** Problem requirements **
Give the listing again word for word, excluding the pictures it contains.
####################
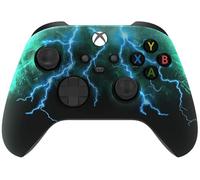 Custom Controllerzz Controlador inalámbrico para Microsoft Xbox Series X/S y Xbox Uno - Xbox Series X/S personalizado (X/S cielos verdes)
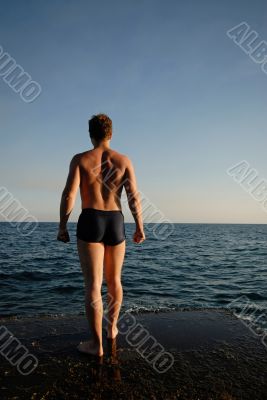 man and sea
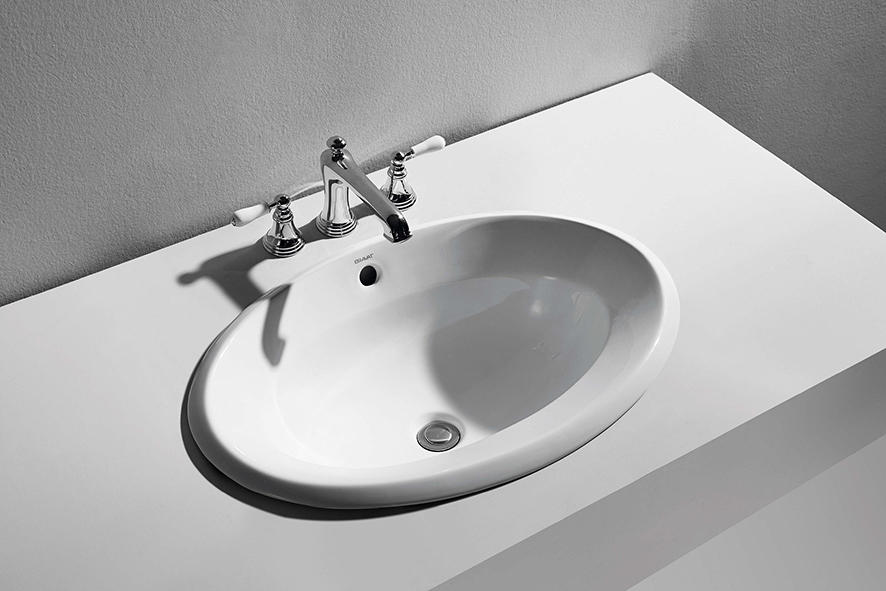 Chậu rửa lavabo Bravat C22218W-ENG âm bàn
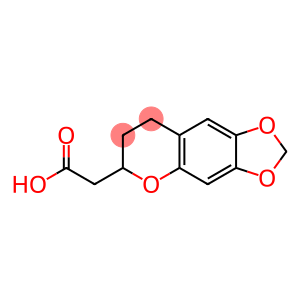 7,8-Dihydro-6H-1,3-dioxolo[4,5-g][1]benzopyran-6-acetic acid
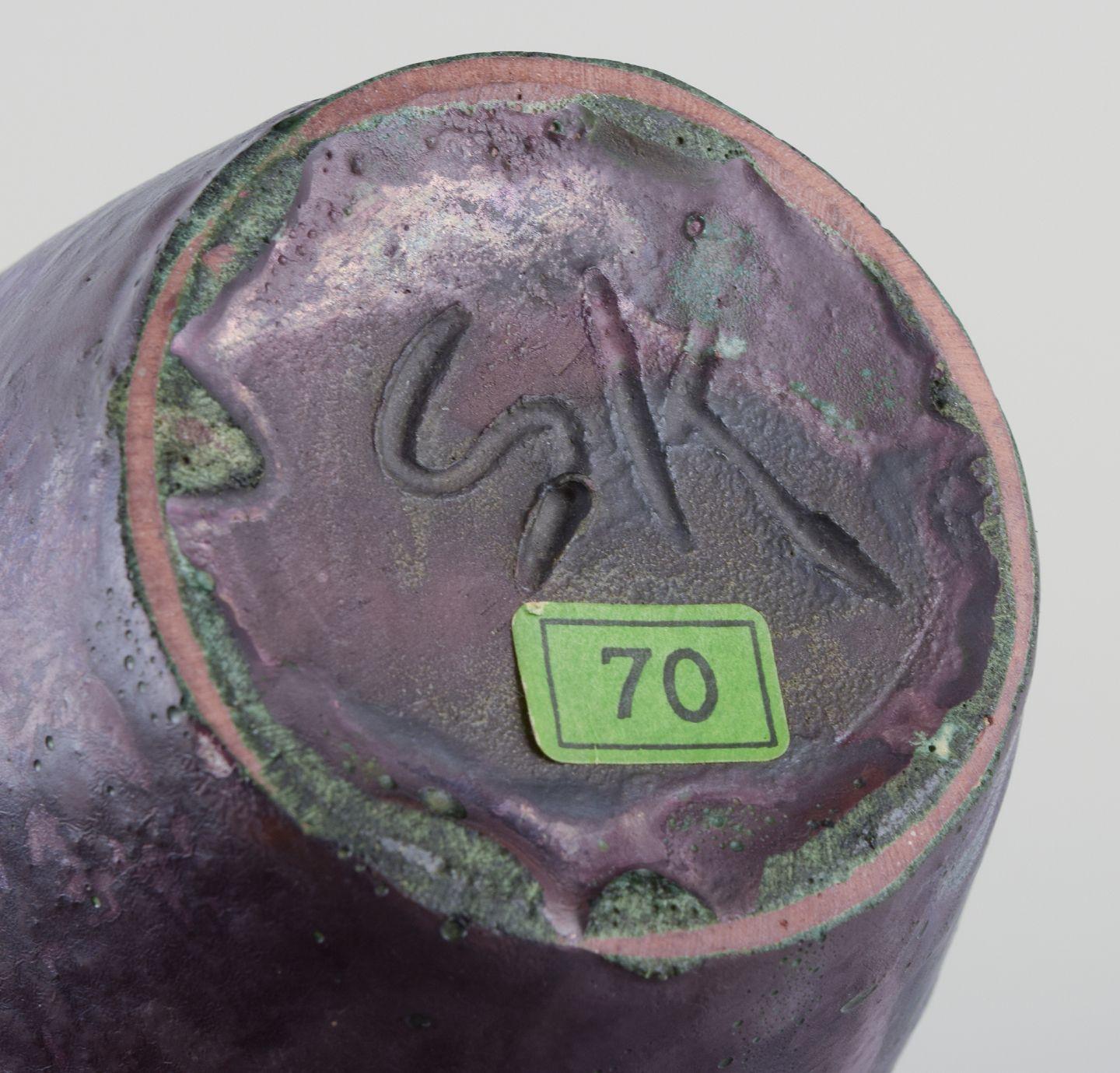 Inizio XX secolo Søren Kongstrand, ceramista danese. Vaso in ceramica con smalto parzialmente opaco. Ca 1920 in vendita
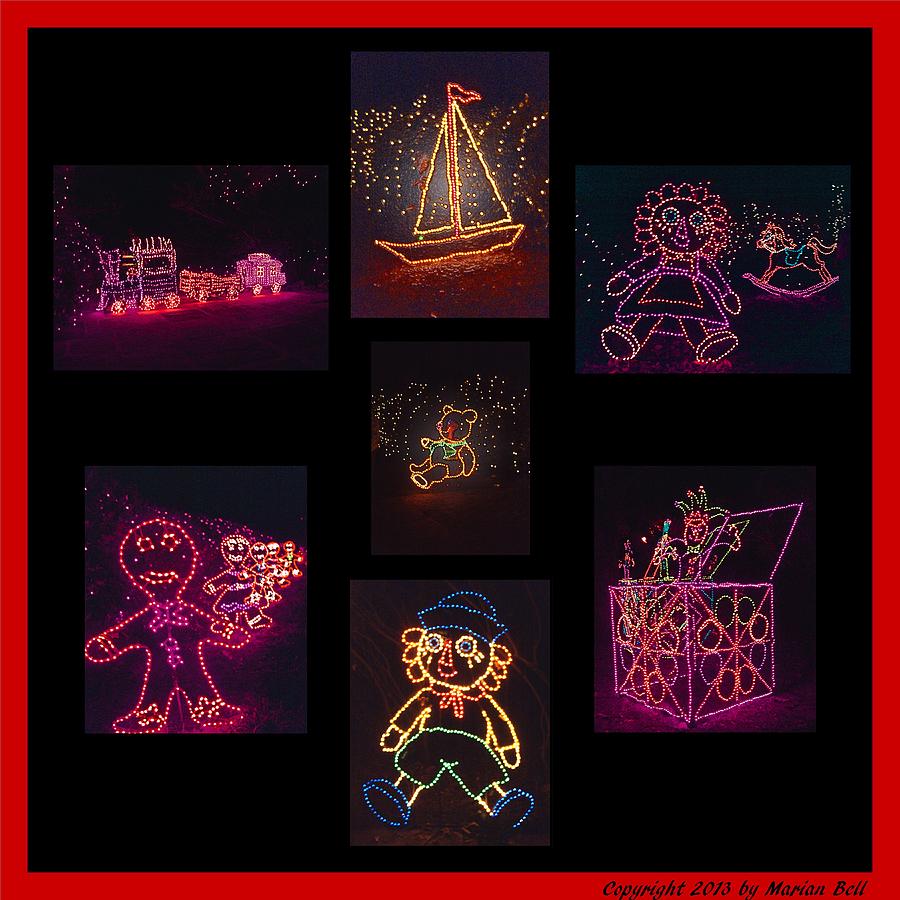 Computer Graphics Photograph - Childrens Toys In Lights Poster 2 by Marian Bell Computer Graphics Photograph - Childrens Toys In Lights Poster 2 by Marian Bell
####################
** Solution **
 Custom Controllerzz Controlador inalámbrico para Microsoft Xbox Series X/S y Xbox Uno - Xbox Series X/S personalizado (X/S cielos verdes)
 man and sea
 Chậu rửa lavabo Bravat C22218W-ENG âm bàn
 7,8-Dihydro-6H-1,3-dioxolo[4,5-g][1]benzopyran-6-acetic acid
 Inizio XX secolo Søren Kongstrand, ceramista danese. Vaso in ceramica con smalto parzialmente opaco. Ca 1920 in vendita
 Computer Graphics Photograph - Childrens Toys In Lights Poster 2 by Marian Bell Computer Graphics Photograph - Childrens Toys In Lights Poster 2 by Marian Bell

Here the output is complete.